For many commercial endeavors, drones are just one more consideration for established departments to integrate but we treat these assets in a much different way, which allows us to operationalize the technology. We’re working through RFPs from fortune 500 companies that are trying to operationalize their drone fleet on account of how we can handle dispatching services and sort through transportation issues. That goes from big to small, as we’re dealing with logistics like how batteries need to be charged at specific times with available spares at specific, known locations.
There’s a lot that goes into outsourcing your flight department, but the benefits can be seen and calculated.
That really makes it sound like you’re addressing and solving the challenges that arise at scale, because it’s one thing to quantify the difference the technology can make on a single project, but quantifying the value at scale is a much different endeavor.
Absolutely. We’re here to support the operationalization of the technology at the corporate level at scale. And we can do that for the drone market on account of our history and continued achievement with this kind of support.
We’ve been operationalizing equipment in the telecommunications market specifically for telco carriers now for 20 years. Being able to deliver the product into the field, support the product, maintain service level agreements on availability, provide a full spectrum of logistics for maintenance and support has resonated on multiple levels. We’ve established a cost effective approach that meets the stringent requirements for the telecommunications carriers and there's really no difference in terms of how we’re providing that same kind of dedicated and specific support for drone fleets.
What we’re offering is a high availability service that outsources how enterprise organizations can take advantage of drone technology. Because we've already been doing this on the telco side, we've expected the drone market to get here because it's going to be successful. What’s been really nice is that we've we have some validation of our hypothesis with all of that.
For us, the differentiator is that we're not resourcing pilots and we're not reselling the drone. We're not selling or deploying drone software.

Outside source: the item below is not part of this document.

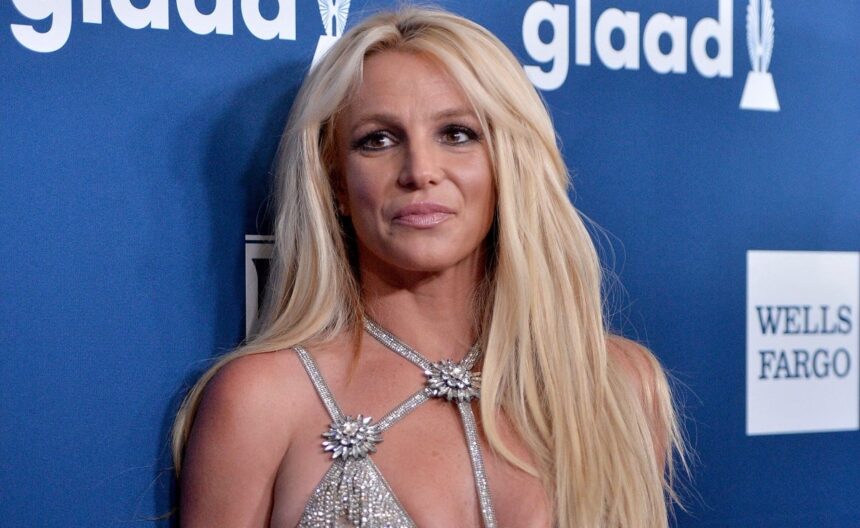 britney spears paraseste sua in ce tara a decis sa se mute artista 6751c0306c33e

Our focus is about supplying a service related to drone technology that we know is not only needed but also based on the kinds of needs that have been met in other markets.

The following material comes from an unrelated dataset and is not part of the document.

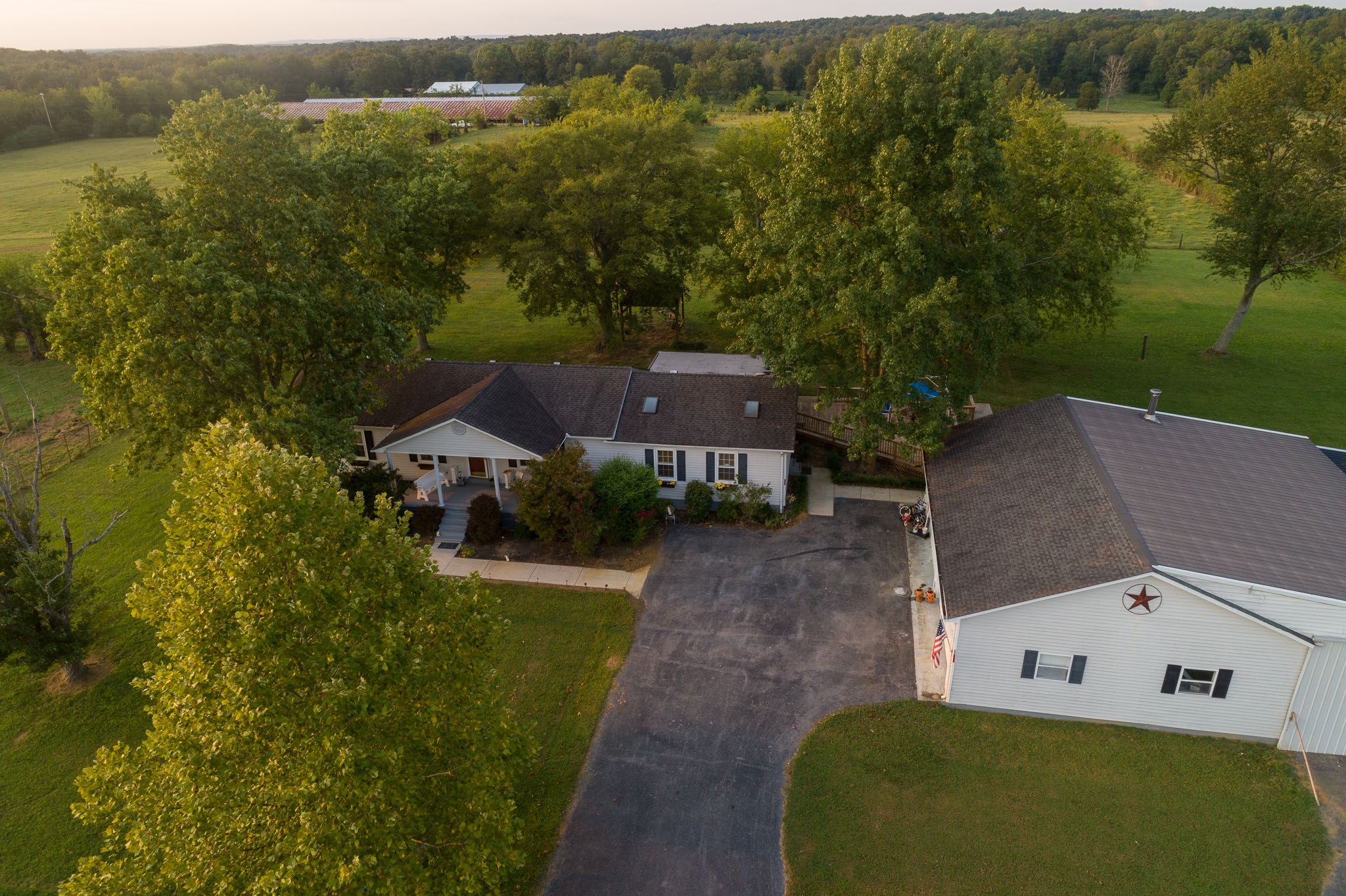 2910 Sims Road Shelbyville, TN 37160 - Photo 2 of 39 Gallery Image 2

Does that make the service you’re providing especially unique or different from some of the other options for drone program support that might be available to enterprise stakeholders?
What we’ve found is that no one offers the complete end-to-end service solution like we do. You may encounter a reseller that does one of these pieces, but what they really want is to resell a certain drone. They don't really think about the long-term issues like preventive maintenance or the dispatching aspect of that piece of hardware.

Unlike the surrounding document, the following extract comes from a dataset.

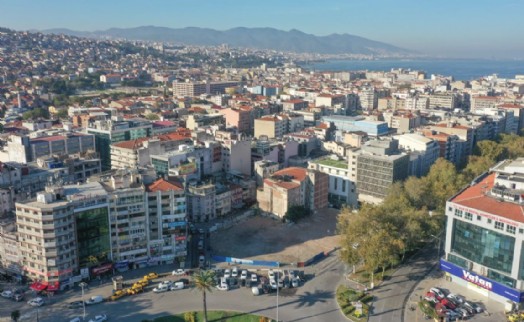 Konak Belediyesi yeni hizmet binası ihalesinde imzalar atıldı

We’re proving solutions for the operationalization of a drone fleet in the enterprise sector and there's not a lot of companies in this space that do that. Certainly not in the complete manner that we do. Additionally, we could do this domestically and internationally, because we do the same thing for telecommunications carriers themselves. So we have a very broad reach, and being able to maintain this type of service is kind of unprecedented.
If there’s one thing you want our audience to know about how Fortress UAV can help them reliably, securely, and consistently fly safe drone missions, what would it be?
The service we offer can really be thought of as an outsourced flight department. We can purchase the fleet on your behalf, we can provide a preventive maintenance program during the life of the asset and we can dispatch the asset on-site to specific service level agreements. We can also maintain the asset over time, which might see the sale or decommissioning of the asset at the end of that process.
We can do that as a commercially owned product, or we can do it as an operational recap. Our services are focused on operationally operationalizing a drone fleet for commercial applications in numerous industries, which is a unique value proposition that is not really being offered in a comparable way across the space.